Kenai allows residents to shoot off fireworks during a 48-hour period between Dec. 31 and Jan. 1, making it the only Kenai Peninsula city to exempt itself from the Kenai Peninsula Borough’s firework ban, albeit for a short time. This time period will become slightly longer if the city council votes at their Wednesday meeting to allow firework use for the entire month of December and allow firework sales in Kenai from the fourth Friday of November to the end of the year.
Though Kenai has had its 48-hour window for legal firework use since 2015, the current code forbids firework sales. Council member Henry Knackstedt proposed changing this, explaining his reasoning at the April 19 meeting in which the council first discussed his ordinance, which originally allowed for the sale of fireworks without expanding the use period.
“It’s come to my attention, and I think to the attention of just about everybody, that there’s hundreds of thousands of dollars of fireworks used around the holiday, and all those fireworks are purchased — probably the closest place is Houston, a nine-and-a-half-hour round trip,” Knackstedt said. “Basically those tax dollars are going there, and not here. So this is just a small way to bring individuals into Kenai and gather those tax dollars, and perhaps while they’re here, they’ll go to our restaurants and visit our stores.”
Of the 24 state-licensed firework retailers listed on the Alaska Department of Public Safety’s website, the closest are in Houston and Valdez. According to a previous Clarion interview with Kenai Fire Marshal Tommy Carver, many residents get their fireworks from wholesalers in Palmer and Wasilla.
Though generally allowing fireworks, the proposed new fireworks code disallows “bottle rockets” and “sky rockets,” which it defines as “a firework consisting of a cylindrical case filled or partially filled with combustible material and fastened to a stick.”
Council member Mike Boyle asked Knackstedt why the ordinance forbids “bottle rockets and those fun things that fly in the sky.”
“They’re fun things that fly in the sky, and they’re fun things that fall also, in people’s yards,” Knackstedt said. “… I would see it as somewhat of a public problem to have these things flying on roofs and yards.”
He said a vendor he’d talked to while putting together the ordinance recommended against allowing bottle rockets.
The present code does not forbid any specific kind of fireworks during the 48-hour period in which they are allowed. Under Knackstedt’s proposal, firework vendors seeking business in Kenai would need a state permit, proof of insurance and to pay a $5,000 fee for an annual city permit.
Locations of potential firework businesses will also be inspected by the Kenai Fire Department, which would be able to close the businesses if the Alaska Division of Forestry declares an extreme fire danger.

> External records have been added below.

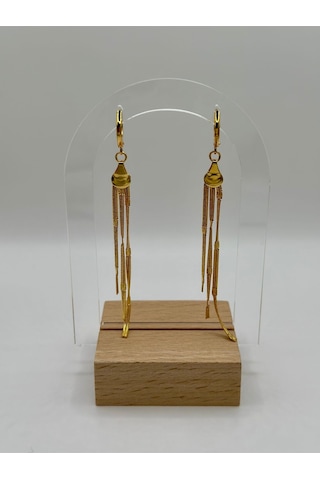 Arnes Jewelry Çelik Sallantılı İtalyan Ezme Küpe Gold
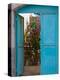 Doorway in Small Village, Cappadoccia, Turkey-Darrell Gulin-Premier Image Canvas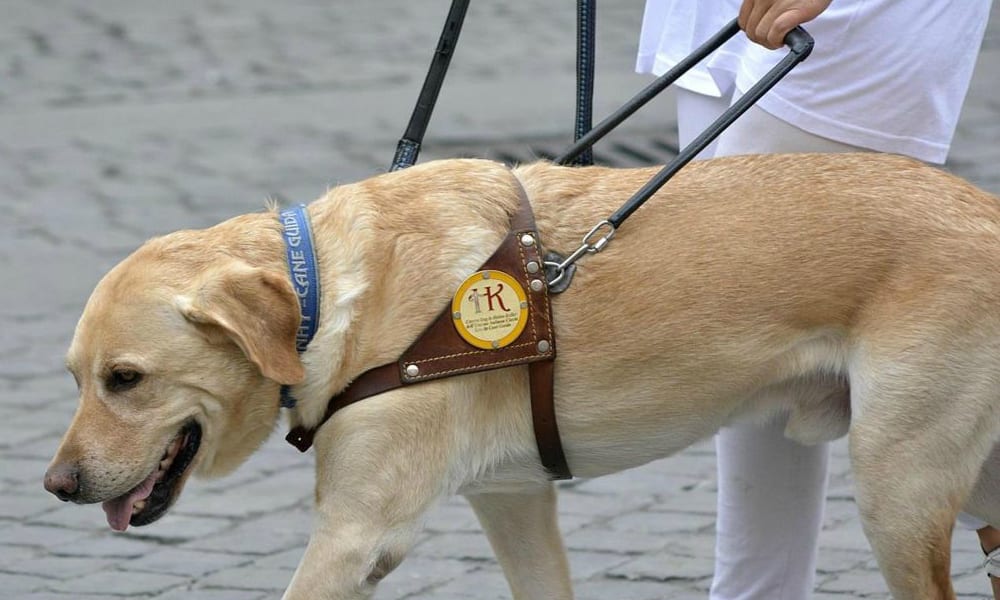 Non vedente rifiutata in hotel per il suo cane guida: infuria la polemica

Knackstedt’s original proposal only created a sales window for fireworks without expanding the use period. Rather than giving Kenai residents only 48 hours in which to legally shoot off all the fireworks purchased in the month-long sales period, council member James Glendening proposed also expanding the use period to all of December.
Glendening’s ammendment passed with an opposing vote from council member Bob Molloy, who said in an interview after the meeting that he is against allowing more firework activity in Kenai.

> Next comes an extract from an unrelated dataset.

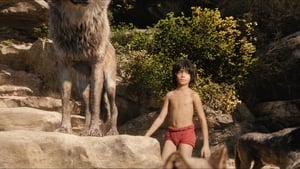 ดูหนัง The Jungle Book (2016) เมาคลีลูกหมาป่า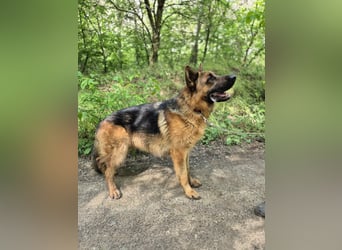 Zigi, geb. 15.03.2025, 60 cm, sucht seine Menschen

Because Glendening’s proposal to expand the fireworks use period substantially changed the ordinance from the fireworks sales ordinance that had had been publicly announced, the council delayed voting on it until the May 3 meeting in order to allow a second period of public comment on the altered ordinance.

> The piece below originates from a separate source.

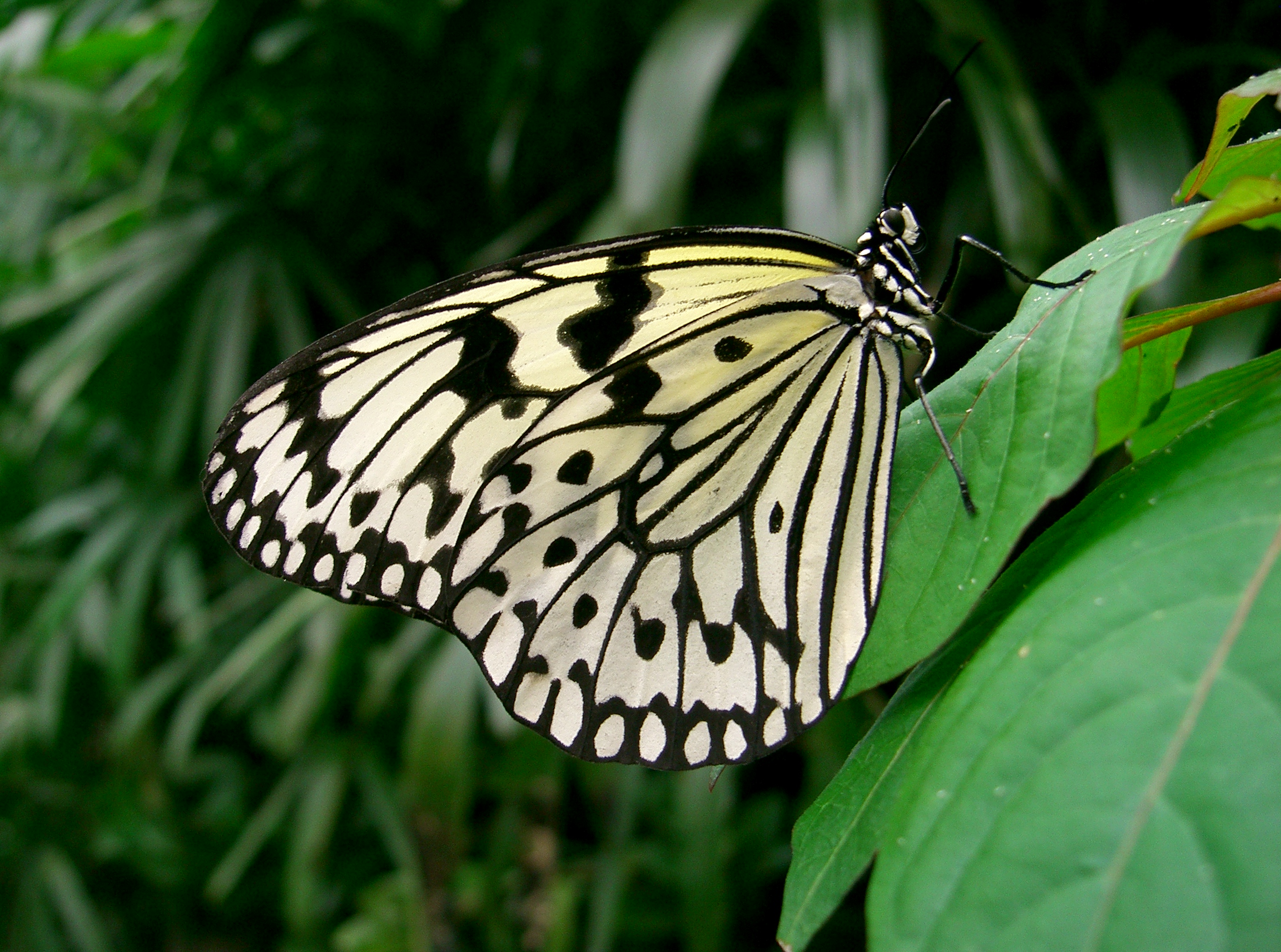PapillonBlancNoir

If passed, the firework ordinance would be subject to a public review before July 1, 2019, “to determine whether or not the City desires to continue allowing the sale of fireworks within the City, or if any changes to the ordinances are warranted,” according to the ordinance text. City Attorney Scott Bloom said the review would allow future public participation.
“It provides the public some assurance that we’re going to look at this as sort of a pilot program, and if any adjustments need to be made, there’s a set time,” Bloom said. “Nothing’s stopping the council from doing it sooner, but there’s a set time that after two years of having firework sales in the city, the council would be able to hear from the public and see if any change in direction is needed.”